André Gill was a well-known French 19th century caricaturist, as well as a painter and singer. He was born Louis-Alexandre Gosset de Guines in Paris as the son of the Comte de Guînes and couturier Sylvie-Adeline Gosset. He attended the Parisian Academy of Fine Arts and began his artistic career in the pages of Le Journal Amusant in 1859. He subsequently drew for Le Hanneton, the socialist paper La Rue and satirical magazines like Le Charivari, La Lune and L'Éclipse. He became especially known for his work for La Lune, that contained many frontpage caricatures. Gill's much imitated trademark became the supersized heads he gave his subjects on small bodies.
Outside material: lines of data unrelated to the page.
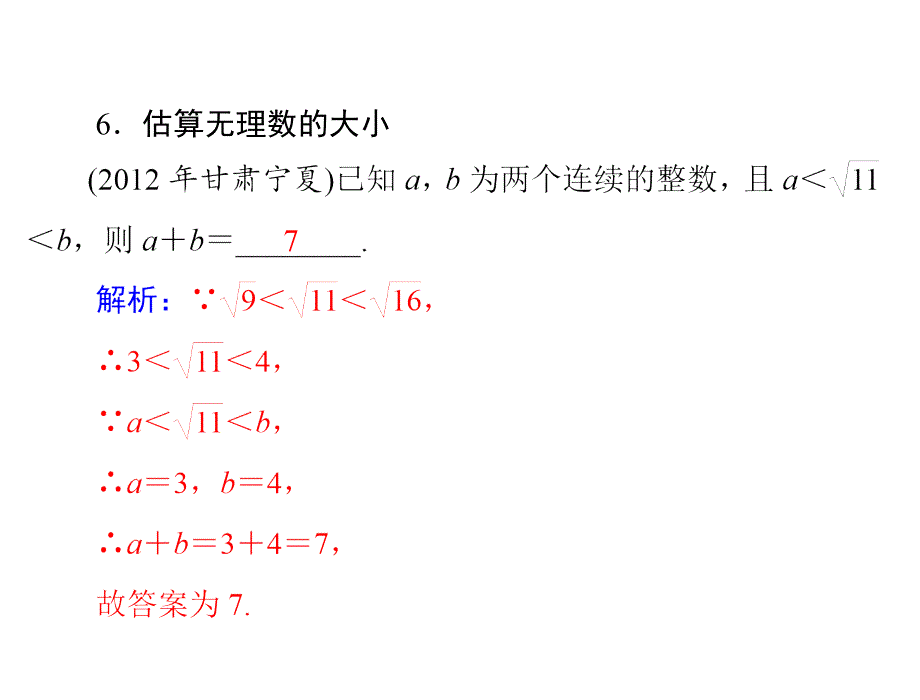 考前冲刺二　填空题_第4页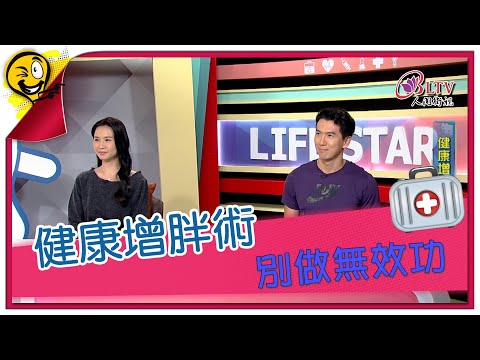 生活智多星第1633集 健康增胖術 別做無效功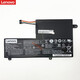 聯(lián)想（lenovo） 原裝 yoga 500-14isk S41-70 300s 510S 小新 i2000 L14M2P21 L14L3P21 電池 型號隨機發(fā)通用 三芯 高容量 ldeaPad 300S-14ISK/IKB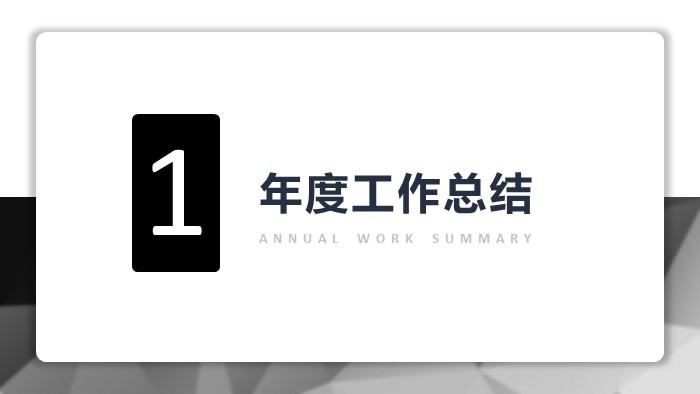 大学生调查报告ppt模板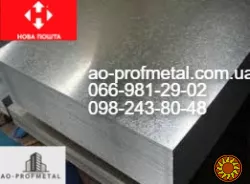 Оцинкований лист 0.25 мм в размере 1250 мм*2000 мм .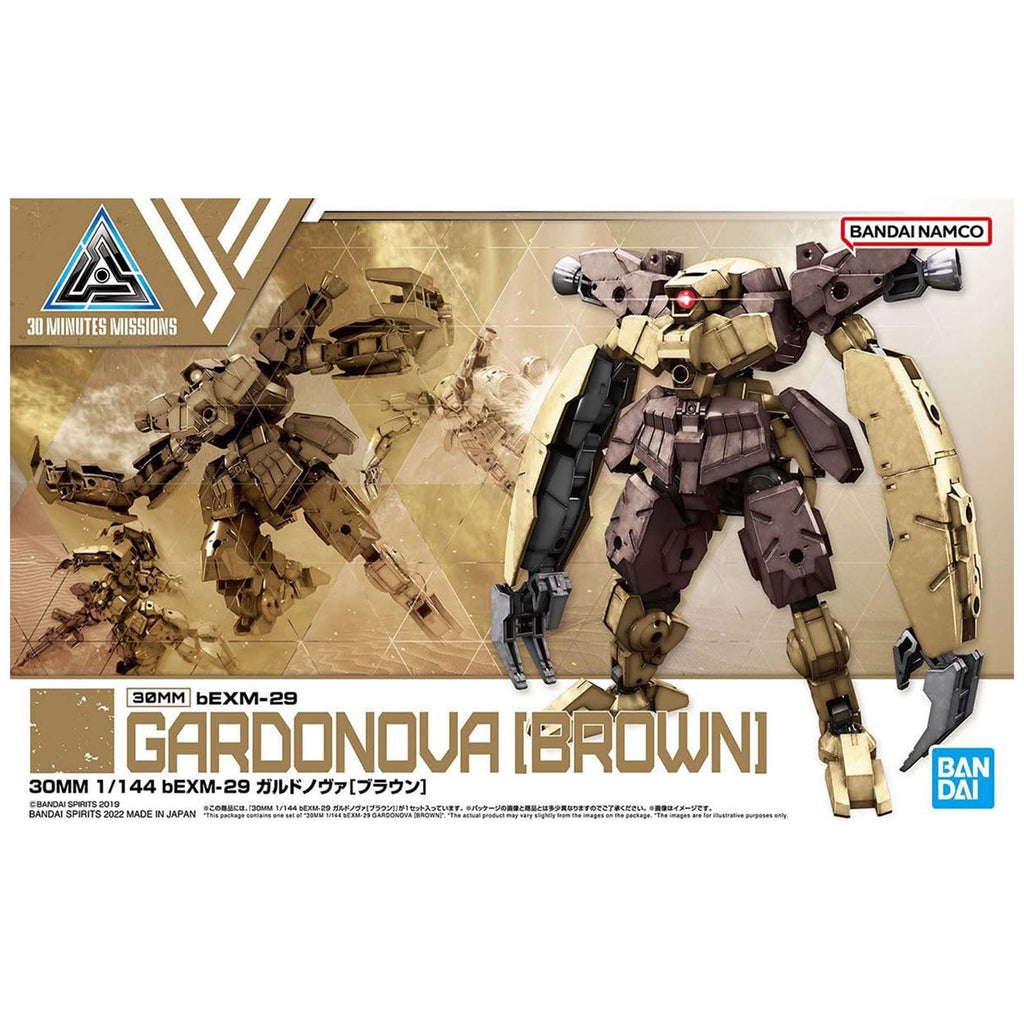 Bandai 30 Minutes Missions bEXM-29 Gardonova Brown 144th Scale Model Kit - Radar Toys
When La Lune was banned in 1868, he transferred to L'Éclipse where he remained until 1876. He gained notority through his attacks on government censorship of his work and statesman Adolphe Thiers, as well as a lawsuit and subsequent prison sentence when Gill allegedly drew a pumpkin for a judge's head. By 1876 Gill turned to a milder style when he worked for La Lune Rousse.
André Gill was also a singer with the Cabaret des Assassins in Montmatre, that later became known as the Lapin Agile. Gill suffered from mental illness was forced to enter a psychiatric hospital in 1880. He died five years later in the asylum of Charenton.